Бегбедер: Священники исповедуются у психоаналитиков – это победа Фрейда над Богом!
Ди Фалько: Знаешь, если бы мне предложили выбирать, я согласился бы испытывать боль, которую причиняет мне кончина матери, лишь бы ей не пришлось страдать из-за моей смерти. Нет большего горя для матери, чем потеря одного из детей. Хотя бы от этого горя моя мать избавлена.
Бегбедер: Я скорее материалист поневоле. Верю в видимость. Быть может, я пересмотрю свою позицию в старости, когда усилится страх, но пока что я, пожалуй, фаталист. Думаю, смерть – это остановка, конечная станция, а потом – небытие. Мой фатализм тоже продиктован страхом, который обостряет несогласие с тем, что у нас отберут все, прежде нам данное.
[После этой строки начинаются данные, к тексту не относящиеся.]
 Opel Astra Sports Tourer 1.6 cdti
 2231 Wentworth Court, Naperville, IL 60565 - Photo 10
Ди Фалько: Мне часто приходилось навещать людей, доживающих свою жизнь, из тех, кто не имеет средств окончить дни благопристойно, стариков, которым негде умереть, кроме как в богадельне, в приюте, – позор для богатой цивилизованной страны. Я нередко от них слышал: «Я жду, жду. Видно, Бог еще не хочет меня взять, но я готов, я готова». Они уже приняли решение. Оставалось ждать решения Бога, которому они спокойно вручали свою душу.
Бегбедер: Вот еще одно слово, о котором надо договориться: «душа». Как уже было сказано, я не верю, чтобы нечто существовало до нашей жизни или продолжало бы жить после нас. Не верю и в переселение душ, которые переходят после смерти в другое тело, как считается в брахманизме. Человек – это тело: оно рождается в мир, а потом перестает существовать. Своего рода умная машина – уникальная, способная мыслить, задаваться вопросами, которая однажды перестает функционировать. По-моему, есть любовь и прочие высокие и прекрасные вещи, но души нет. Мне случалось безумно влюбляться – любить «всей душой», «от души» благодарить за то, что со мной происходило, но я не могу употребить слово «душа» иначе как в литературном, поэтическом смысле.
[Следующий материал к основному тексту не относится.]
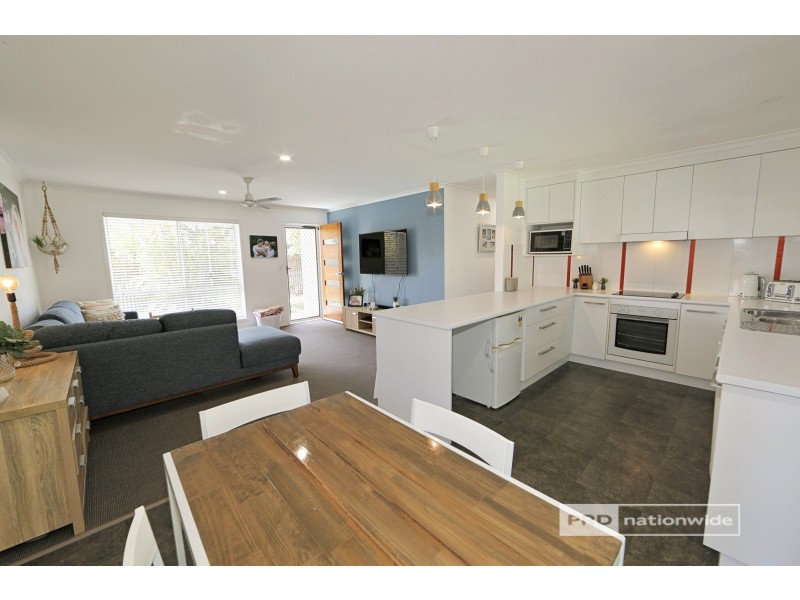 115 Pulgul Street, Urangan QLD 4655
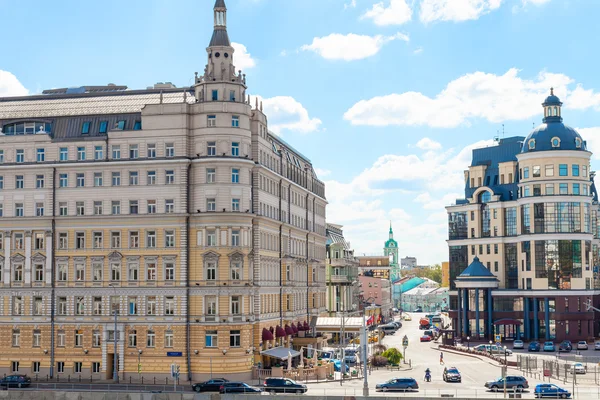Balchug street and Raushskaya embankment in Moscow — Stok fotoğraf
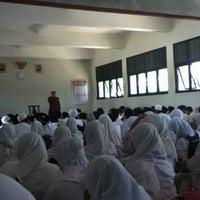 Photo taken at SMP Negeri 139 Jakarta by Jouzanda K. on 8/10/2012
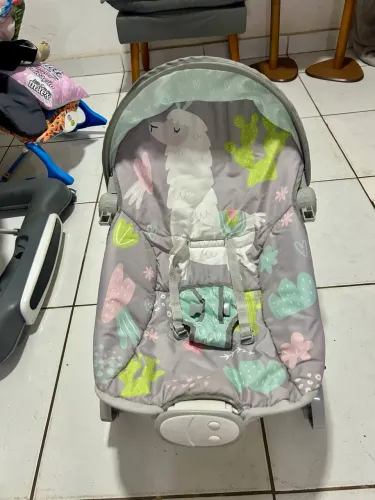 Cadeirinha descanso bebê 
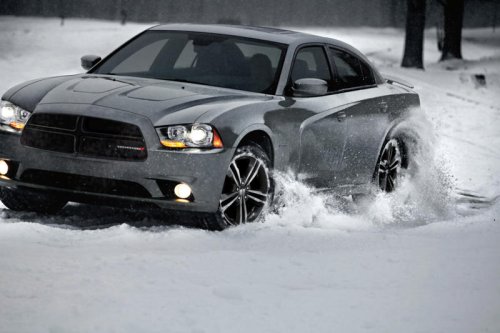 It took me less than 5 minutes to get 3 cars out of deep snow. Here's how to do it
Ди Фалько: Опять все зависит от того, какое значение ты придаешь слову. Для христиан душа – духовное начало, основной двигатель жизни. Человек един телом и душой. Тело дают нам родители, а душа, нематериальная и бессмертная, непосредственно создана Богом. Именно благодаря душе наше материальное тело поистине человечно и живо. Дуализма нет, поскольку душа и тело составляют единую сущность. А с наступлением смерти душа не погибает. Она вновь соединится с телом при окончательном Воскресении.
Бегбедер: Для этого надо верить в Воскресение, как и во все понятия, придуманные человеком в поисках полноты. С тех пор как мыслит, он разрабатывает всевозможные гипотезы, стремясь удовлетворить жажду бессмертия, и первая из них – гипотеза о бессмертии Бога.
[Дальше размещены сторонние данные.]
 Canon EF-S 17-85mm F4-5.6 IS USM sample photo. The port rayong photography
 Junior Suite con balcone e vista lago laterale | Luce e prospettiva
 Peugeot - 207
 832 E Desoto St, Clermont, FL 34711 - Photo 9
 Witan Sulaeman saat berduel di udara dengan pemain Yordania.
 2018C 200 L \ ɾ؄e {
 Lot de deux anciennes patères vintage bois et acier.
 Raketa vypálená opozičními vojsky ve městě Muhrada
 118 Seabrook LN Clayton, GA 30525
Значит, для тебя душа – что-то вроде двигателя тела?
Ди Фалько: Когда я преподавал катехизис детям, я искал образы, помогающие выразить идею души, дыхания Божия. Я часто приводил в пример подсолнух. Чтобы распуститься, он должен быть обращен к солнцу в открытом пространстве. Впечатляющее зрелище – целое поле подсолнухов, повернувших головы к свету. Я объяснял детям, что это растение достигает полноты развития, только когда смотрит на солнце, воспринимает лучи, которые вдыхают в него жизнь. Такие же отношения связывают людей с Богом. Только в Боге имеем мы эту полноту – и в нынешней жизни на земле, но главным образом – после смерти.
Бегбедер: Эти подсолнухи, дружно повернувшие головы к свету, напоминают мне скорее участников Всемирных дней молодежи![24]
Не знаю, убедительно ли было для детей твое доказательство, но в преподавании катехизиса у тебя случались проколы, и я – тому живое свидетельство. Тогда, может быть, я в это верил. Сегодня меня совсем не убеждает твоя концепция души, необходимой человеку при жизни и после смерти. По-моему, мы – метафизические животные, млекопитающие, которые любым способом пытаются себя успокоить – если надо, готовы хоть обкуриваться подсолнечником!
Ди Фалько: Благодаря тому, что у тебя есть душа, ты неповторим. Ты – уникальное существо перед Богом. Но откуда у нас эта потребность себя успокаивать?